The mainstream media's fascination peaked when Tyler freely admitted the offence and tried to play it down. Revelations of his involvement with failed Canadian company Lessonware didn't help, but Tyler only quit when newspapers revealed an arrest on suspicion of selling cocaine in 1981.
The questions remain: was Solution 6 aware of its CEO's dark past? Do recruiters sometimes bypass the usual checks and balances to get around our IT skills shortage? Did Solution 6 even care? Opinions are always divided over whether this type of revelation should affect someone's current career, but Tyler was not the first to depart in this manner.
An industry trend?
On the morning of April 17, Spike Networks announced that its founder, Creed Chris O'Hanlon, had resigned due to ill health. The Sydney Morning Herald soon ran a long exposé alleging that O'Hanlon was forced out. He left behind a sexual harassment claim, a mistress who allegedly stole $US53,000 from Spike and a series of huge bills which had sapped the company's funds.
Perhaps best known for his flamboyant hype about the future of Spike, O'Hanlon boasted it would become "the Disney or the News Corp of tomorrow" and predicted Spike Radio would dominate the 'youth nation' of the global Internet. Since his departure, the company has conservatively repositioned itself as a corporate Internet consultancy -- extravagant parties and mansions on the US west coast are a thing of the past.
Meanwhile, online education company NextEd was forced to defend its new chief operating officer, Dr Alan Bowen-James, when Newswire revealed that he was struck off the medical register in 1991 for professional misconduct.
Bowen-James was charged by the Medical Tribunal of NSW after allegations by a former patient that a consensual sexual relationship had existed. He denied the charge, but the tribunal found for the patient and he was prevented from practising for three years.
A NextEd spokesperson said Bowen-James was hired for his "extensive senior management and consulting experience". His blemished past was not an issue and he remains with the company.
And then there are industry stalwarts like Ian Penman, managing director of Compaq Computer Australia, who addressed a 1996 press conference as follows: "At Compaq, we will probably have $4 billion in cash reserves by the end of the year. Basically there are five ways that you can spend that, not including women [interjection of booing from the audience] . . . I'm a chauvinist, I admit that."
Could Penman talk this way if he was the head of Westpac? Or if he ran Coles Myer? Such insensitivity might make national headlines and women's interest groups might even encourage a boycott. But the majority of Compaq's customers are men. The technology media reported the quote with raised eyebrows and Penman got on with selling PCs.
The recruiter
Felix Borenstein, principal of Melbourne recruitment firm Parkside Consulting, admits two of the companies mentioned above are his clients. But he argues that there is no more scandal in technology companies than elsewhere.
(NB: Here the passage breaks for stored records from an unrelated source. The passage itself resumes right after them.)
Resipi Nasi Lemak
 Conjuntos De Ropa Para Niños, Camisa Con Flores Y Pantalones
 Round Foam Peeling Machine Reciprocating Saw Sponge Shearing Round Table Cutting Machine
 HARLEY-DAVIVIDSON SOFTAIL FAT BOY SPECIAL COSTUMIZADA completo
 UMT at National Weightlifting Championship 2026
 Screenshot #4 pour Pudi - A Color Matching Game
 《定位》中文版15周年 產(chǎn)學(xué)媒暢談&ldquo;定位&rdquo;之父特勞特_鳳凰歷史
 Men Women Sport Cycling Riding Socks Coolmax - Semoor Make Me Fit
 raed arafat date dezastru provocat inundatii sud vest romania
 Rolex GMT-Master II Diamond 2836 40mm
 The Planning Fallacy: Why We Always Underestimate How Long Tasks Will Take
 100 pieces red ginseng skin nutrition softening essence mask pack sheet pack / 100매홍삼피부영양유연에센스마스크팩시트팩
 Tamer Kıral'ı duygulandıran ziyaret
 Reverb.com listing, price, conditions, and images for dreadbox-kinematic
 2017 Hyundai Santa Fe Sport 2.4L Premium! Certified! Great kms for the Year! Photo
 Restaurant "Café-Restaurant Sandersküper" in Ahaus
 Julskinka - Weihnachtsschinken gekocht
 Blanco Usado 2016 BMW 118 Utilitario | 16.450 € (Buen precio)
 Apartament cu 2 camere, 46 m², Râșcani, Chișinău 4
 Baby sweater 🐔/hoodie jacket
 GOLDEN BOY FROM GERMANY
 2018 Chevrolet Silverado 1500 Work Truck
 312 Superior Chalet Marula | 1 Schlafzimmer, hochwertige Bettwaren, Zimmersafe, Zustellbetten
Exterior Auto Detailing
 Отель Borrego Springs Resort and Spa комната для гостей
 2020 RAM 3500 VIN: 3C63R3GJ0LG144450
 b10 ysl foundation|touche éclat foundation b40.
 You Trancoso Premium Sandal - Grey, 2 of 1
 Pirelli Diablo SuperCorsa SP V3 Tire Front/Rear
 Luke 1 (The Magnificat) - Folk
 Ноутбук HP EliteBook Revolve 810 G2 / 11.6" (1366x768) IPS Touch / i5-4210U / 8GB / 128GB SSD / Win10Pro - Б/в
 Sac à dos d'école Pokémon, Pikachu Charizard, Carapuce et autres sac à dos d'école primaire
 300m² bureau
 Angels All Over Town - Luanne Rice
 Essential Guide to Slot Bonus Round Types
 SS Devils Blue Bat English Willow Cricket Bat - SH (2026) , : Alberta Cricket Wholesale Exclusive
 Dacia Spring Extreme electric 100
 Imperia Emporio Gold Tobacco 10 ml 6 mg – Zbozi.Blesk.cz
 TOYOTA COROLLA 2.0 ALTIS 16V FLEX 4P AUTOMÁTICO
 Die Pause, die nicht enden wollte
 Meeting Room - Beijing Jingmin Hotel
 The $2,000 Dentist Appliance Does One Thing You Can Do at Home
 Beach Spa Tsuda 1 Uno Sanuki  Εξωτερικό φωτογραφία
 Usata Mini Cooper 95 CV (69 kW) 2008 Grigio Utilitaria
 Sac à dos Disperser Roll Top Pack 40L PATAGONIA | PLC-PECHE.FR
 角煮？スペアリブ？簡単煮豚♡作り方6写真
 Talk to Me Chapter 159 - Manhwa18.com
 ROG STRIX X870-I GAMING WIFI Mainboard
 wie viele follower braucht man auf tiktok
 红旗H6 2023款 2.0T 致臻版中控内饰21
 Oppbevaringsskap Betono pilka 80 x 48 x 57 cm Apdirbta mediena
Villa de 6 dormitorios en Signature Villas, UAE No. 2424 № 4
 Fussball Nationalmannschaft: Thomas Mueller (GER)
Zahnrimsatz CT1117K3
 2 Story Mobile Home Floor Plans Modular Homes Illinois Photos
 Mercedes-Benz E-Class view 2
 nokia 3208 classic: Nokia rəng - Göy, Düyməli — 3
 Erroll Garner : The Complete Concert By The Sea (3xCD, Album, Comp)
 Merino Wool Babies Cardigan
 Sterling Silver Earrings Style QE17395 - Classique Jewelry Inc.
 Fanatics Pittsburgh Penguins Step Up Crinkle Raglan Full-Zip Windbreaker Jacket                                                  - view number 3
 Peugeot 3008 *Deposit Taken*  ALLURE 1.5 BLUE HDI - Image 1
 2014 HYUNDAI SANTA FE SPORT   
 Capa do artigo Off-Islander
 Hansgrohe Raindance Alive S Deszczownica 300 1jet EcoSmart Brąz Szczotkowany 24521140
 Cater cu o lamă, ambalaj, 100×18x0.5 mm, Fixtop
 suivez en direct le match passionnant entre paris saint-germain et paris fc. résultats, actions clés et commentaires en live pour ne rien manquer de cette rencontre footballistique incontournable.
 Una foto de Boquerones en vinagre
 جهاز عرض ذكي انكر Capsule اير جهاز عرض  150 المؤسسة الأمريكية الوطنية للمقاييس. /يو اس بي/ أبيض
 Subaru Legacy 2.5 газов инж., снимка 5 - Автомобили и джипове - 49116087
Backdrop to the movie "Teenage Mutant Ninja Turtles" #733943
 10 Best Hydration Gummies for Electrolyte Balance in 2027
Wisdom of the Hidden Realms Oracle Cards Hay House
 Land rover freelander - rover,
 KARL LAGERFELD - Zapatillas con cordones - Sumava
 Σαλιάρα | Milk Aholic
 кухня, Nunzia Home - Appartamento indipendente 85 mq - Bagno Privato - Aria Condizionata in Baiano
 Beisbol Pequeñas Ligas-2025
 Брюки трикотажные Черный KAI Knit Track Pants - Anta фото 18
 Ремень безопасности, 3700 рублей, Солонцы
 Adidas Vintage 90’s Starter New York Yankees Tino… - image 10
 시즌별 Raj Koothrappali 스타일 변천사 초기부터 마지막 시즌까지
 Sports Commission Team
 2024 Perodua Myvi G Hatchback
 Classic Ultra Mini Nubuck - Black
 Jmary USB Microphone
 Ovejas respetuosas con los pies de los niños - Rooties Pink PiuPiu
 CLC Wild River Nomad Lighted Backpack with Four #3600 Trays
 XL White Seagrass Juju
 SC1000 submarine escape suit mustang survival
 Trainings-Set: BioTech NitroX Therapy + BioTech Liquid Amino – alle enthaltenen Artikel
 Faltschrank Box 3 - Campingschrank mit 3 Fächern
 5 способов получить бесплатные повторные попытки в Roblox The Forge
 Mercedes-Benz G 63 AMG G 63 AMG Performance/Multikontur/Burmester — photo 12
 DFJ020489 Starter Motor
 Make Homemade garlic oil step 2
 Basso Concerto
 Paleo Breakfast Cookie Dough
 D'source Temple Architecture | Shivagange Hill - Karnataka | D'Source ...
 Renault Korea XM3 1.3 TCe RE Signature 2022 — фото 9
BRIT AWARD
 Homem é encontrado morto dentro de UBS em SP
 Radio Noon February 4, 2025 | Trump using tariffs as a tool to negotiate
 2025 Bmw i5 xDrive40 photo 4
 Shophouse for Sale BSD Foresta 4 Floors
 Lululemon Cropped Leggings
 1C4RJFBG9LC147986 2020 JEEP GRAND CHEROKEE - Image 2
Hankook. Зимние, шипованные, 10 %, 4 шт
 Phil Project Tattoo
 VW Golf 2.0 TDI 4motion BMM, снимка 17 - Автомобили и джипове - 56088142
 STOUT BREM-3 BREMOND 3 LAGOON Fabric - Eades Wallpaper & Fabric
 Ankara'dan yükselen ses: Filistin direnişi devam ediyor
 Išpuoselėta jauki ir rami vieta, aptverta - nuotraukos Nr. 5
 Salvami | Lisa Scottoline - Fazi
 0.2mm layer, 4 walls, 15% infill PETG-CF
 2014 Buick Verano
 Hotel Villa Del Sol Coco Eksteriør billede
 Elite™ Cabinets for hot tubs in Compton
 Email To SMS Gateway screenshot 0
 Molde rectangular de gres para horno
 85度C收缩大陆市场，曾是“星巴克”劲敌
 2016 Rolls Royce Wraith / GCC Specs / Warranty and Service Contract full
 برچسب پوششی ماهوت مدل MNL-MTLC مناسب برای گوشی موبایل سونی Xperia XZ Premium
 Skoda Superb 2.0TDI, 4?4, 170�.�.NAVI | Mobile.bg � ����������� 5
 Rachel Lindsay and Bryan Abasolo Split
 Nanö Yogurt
"I think the IT industry is more high-profile than other industries, so you tend to hear about these things more," Borenstein said. "The Chris Tyler thing, for example -- that was on the front page of every newspaper for how long? If it was the CEO of a brick manufacturer would it have been there?"
Parkside typically does four or five reference checks on candidates for senior positions. Referees are often nominated, but the company also does its own research, especially when the candidate is from overseas.
"I mean we actually reference-check the referees!" Borenstein said. "After we've done a reference check we then ring back and ascertain whether the referee is who he or she says they are."
He agreed the big dollars on offer at high levels in IT companies have the potential to attract some undesirable characters, but said candidates must also undergo a barrage of psychological profiling.
"A prior drug conviction from 10 or 15 years ago? I don't know. I'll pass on that one. I think that everyone's entitled to make mistakes . . . I mean it was a very big garbage bag full. But I would suggest that there are some mistakes that would preclude somebody from holding a senior management role forever. A couple of bags of marijuana? Who knows!"
More women
Borenstein denied there is a bias towards male employees: "If we dealt with a client who said 'I don't want to see people with X background or Y gender or B sexuality', we'd say 'sorry we can't help you'."
However, he stressed that the loss of female employees after maternity leave adds to the skills shortage, and said the government needs to do more to encourage women to return to the workforce, especially in terms of reducing childcare costs.
"Why am I saying this? Because in my small company I now have five women who have gone on maternity leave in six years. If I wanted to get three or four of the women that I've currently got on maternity leave back here and I paid some of their creche costs I'd be subject to fringe benefits tax. There's no encouragement whatsoever."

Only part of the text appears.